If customers tried to withdraw funds from their accounts, they were sent a notice saying that no withdrawals could be made until they sent over a copy of their ID, a utility bill and a credit or debit card, even though such information was not required when deposits were made.
David Hill, a chief investigator for the Insolvency Service, said:”GPay persuaded customers to part with substantial sums of money to invest in cryptocurrency trading. This was nothing but a scam as GPay tricked their clients to use their online platform under false pretences and no customer has benefited as their investments have been lost.
“We welcome the court’s decision to wind-up GPay, as it will protect anyone else becoming a victim. This scam should also serve as a warning to anyone who conducts trading online that they should carry-out appropriate checks before they invest any money that the company is registered and regulated by the appropriate authorities.”
A rising trend
Low interest rates and returns have pushed significant numbers of people to seek alternative investment opportunities in the hopes of generating a better return on their money.
The Financial Conduct Authority (FCA) recently carried out research on the emergence of cryptoasset investments and found that the number of times UK consumers purchased digital assets has risen by 1.1 million since last year.

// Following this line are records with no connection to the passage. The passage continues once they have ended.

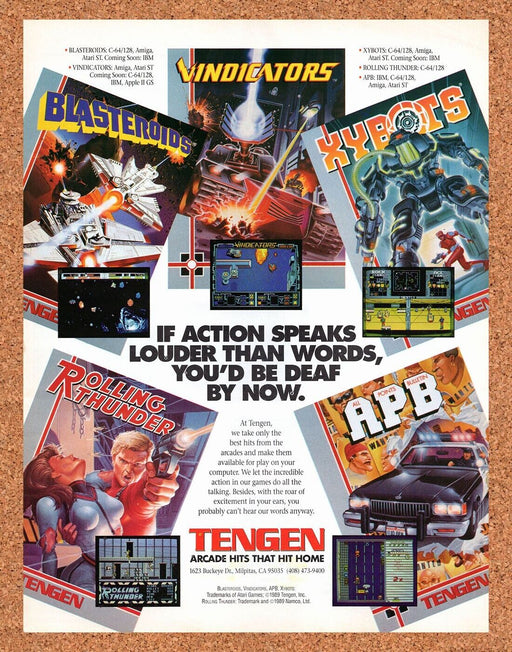 1990 Tengen Amiga Games Original Ad - for just $17.99! 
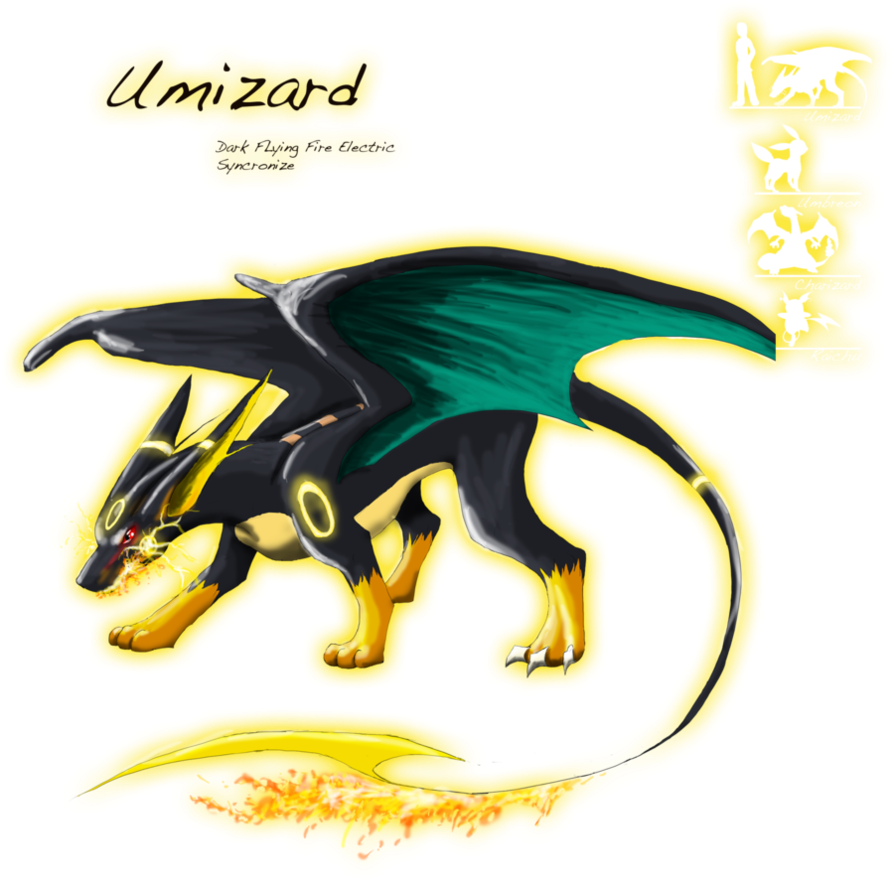 Umizard Dark Flying Fire Electric Syncronize - Illustration (894x894), Png Download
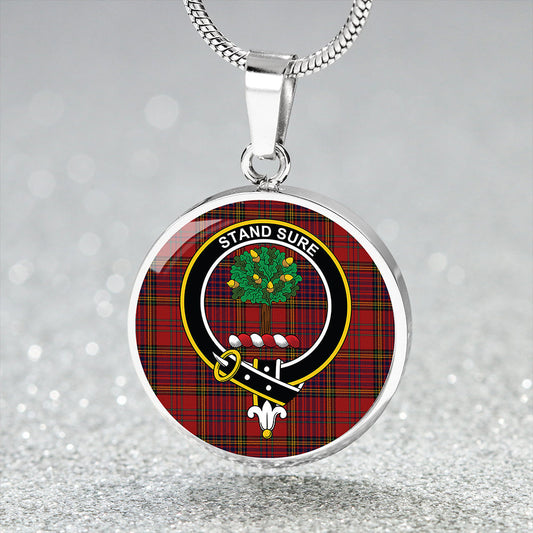 Anderson of Kinneddar Red Modern Tartan Crest Circle Necklace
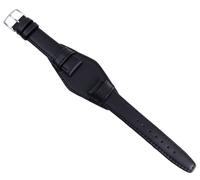 Eulit Ersatzband Uhrenarmband mit Unterlage Leder schwarz Kalb 20mm 18107S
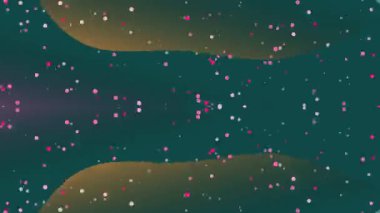 Dinamik soyut arkaplan, parlak pembe ve beyaz parçacıklar koyu yeşil ve altın renge düşüyor..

The regulator estimated that around 2.6 million people in the UK have bought cryptoassets at some point, and that nearly a million people have assets worth more than £260.
The FCA also found that the majority of investors are aware of the lack of regulation in the digital assets arena; but approximately 300,000 crypto owners believe they have protection, leaving them at risk of financial harm, the watchdog warned.
Sheldon Mills, the FCA’s interim executive director of strategy and competition, said: “This FCA report reveals the increasing popularity of cryptoassets among the UK consumer population and underlines the importance of our work to gain a deeper understanding of this market and how people interact with these assets.
“Cryptoassets present risks and opportunities for consumers and we hope these insights will help inform the policy debate in the UK and internationally as the use of these assets continue to grow.”